Apesar do parágrafo acima, fica claro desde as primeiras cenas que a história e os personagens não são o grande foco de Jeunet. O filme não se importa em apresentar os personagens ou, muito menos, situar a história. Um exemplo é o momento no qual é realizada uma montagem com diversos personagens em seus afazeres cotidianos, que cresce de maneira ritmada com os sons das tarefas. Aliás, essa cena é de cair o queixo de tanto rir, não que sejam cenas absurdamente engraçadas, mas que o diretor está desesperadamente tentando mostrar acima de tudo (tudo mesmo!) que é Jeunet quem está dirigindo esse filme.
Ao melhor estilo "deixa a vida me levar" o filme vai seguindo com cenas incrivelmente criativas e diferentes, que realmente marcam o estilo francês de se fazer cinema. A beleza do filme (por mais clichê que possa parecer) está nas pequenas atitudes como por exemplo as inusitadas tentativas de Aurore cometer suicídio, as travessuras dos dois garotos e a história do degrau solto. Na verdade, a trama em si pouco importa em Delicatessen: o que Jeunet quer apresentar ao espectador é a sua visão imaginativa, seu senso de humor bizarro e, claro, seu estilo visual originalíssimo. Enredo e personagens não buscam coerência ou um desenvolvimento narrativo que leve do ponto A ao ponto B: o que importa são as imagens e a sensação de fascínio diante do absurdo que elas são capazes de gerar.  
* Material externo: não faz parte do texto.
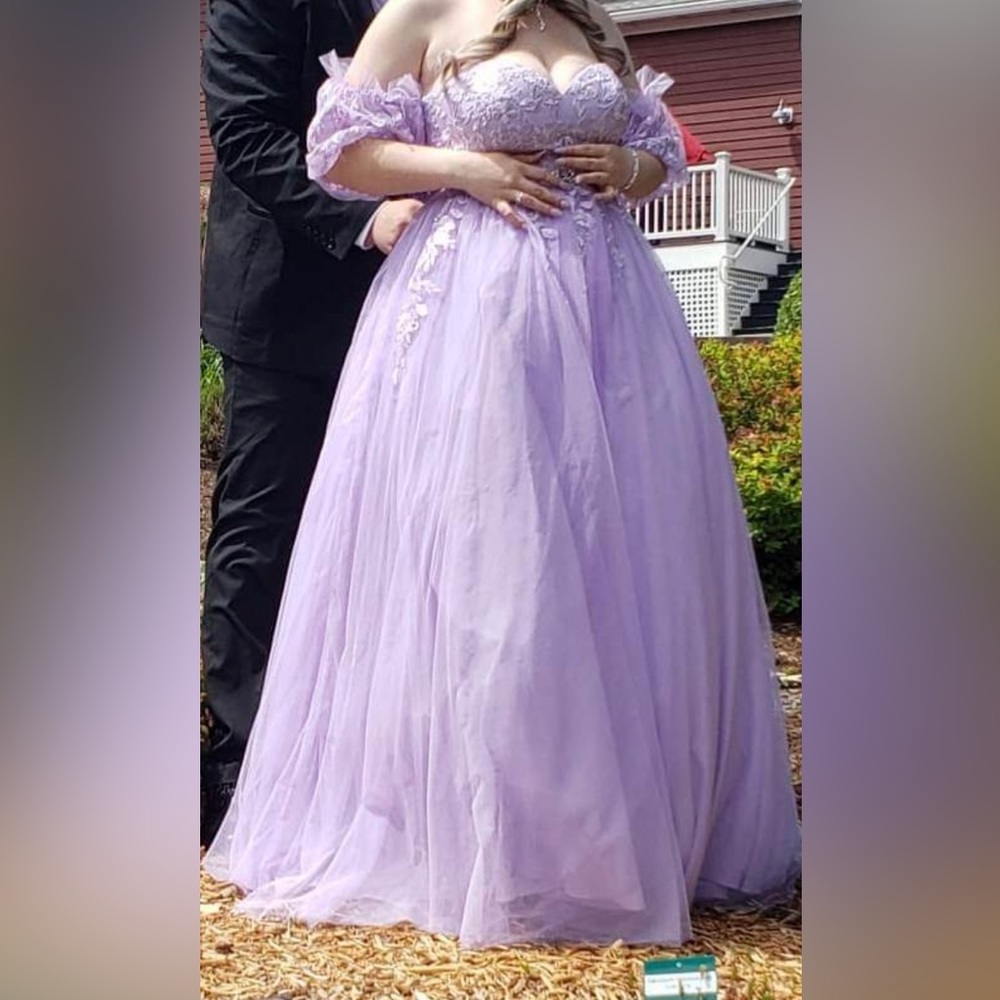 Hebeos Prom Dress - Picture 2 of 5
E no que diz respeito ao estilo, Delicatessen é nada menos do que espetacular. Se Jeunet demonstraria em seus trabalhos seguintes mais consistência na condução da história, em termos visuais este seu primeiro longa já apresenta incrível criatividade. Utilizando praticamente dois tons de cores (o laranja e o verde) e aproveitando-se de uma direção de arte inspiradíssima, os cineastas deixam claro desde o princípio que tudo aquilo não tem lastro na realidade, com os acontecimentos se situando em uma espécie de dimensão paralela. Mais do que isso, o trabalho de câmera ajuda na construção deste clima bizarro, com ângulos de câmera inusitados e diversos planos que chegam a distorcer a face dos atores através das lentes. Atores? Excelentes! Porém, ao que me parece, a grande estrela do filme é Jeunet, que não está nem ai pra história, ele está mais interessado em imprimir seu estilo visual arrebatador e fascinante em cada pixel da imagem.
De certa forma, Delicatessen não passa de uma grande brincadeira. Jeunet não tem qualquer pretensão em criar um filme que emocione pelo envolvimento com personagens ou surpreenda com reviravoltas na história. A trama é uma mera desculpa para exibirem na tela uma incrível capacidade criativa, tanto em termos de imaginação quanto nos quesitos técnicos. Delicatessen é obra de cineastas com uma visão diferenciada e um espírito tão irreverente que, mesmo com algumas derrapadas, é impossível não se contagiar.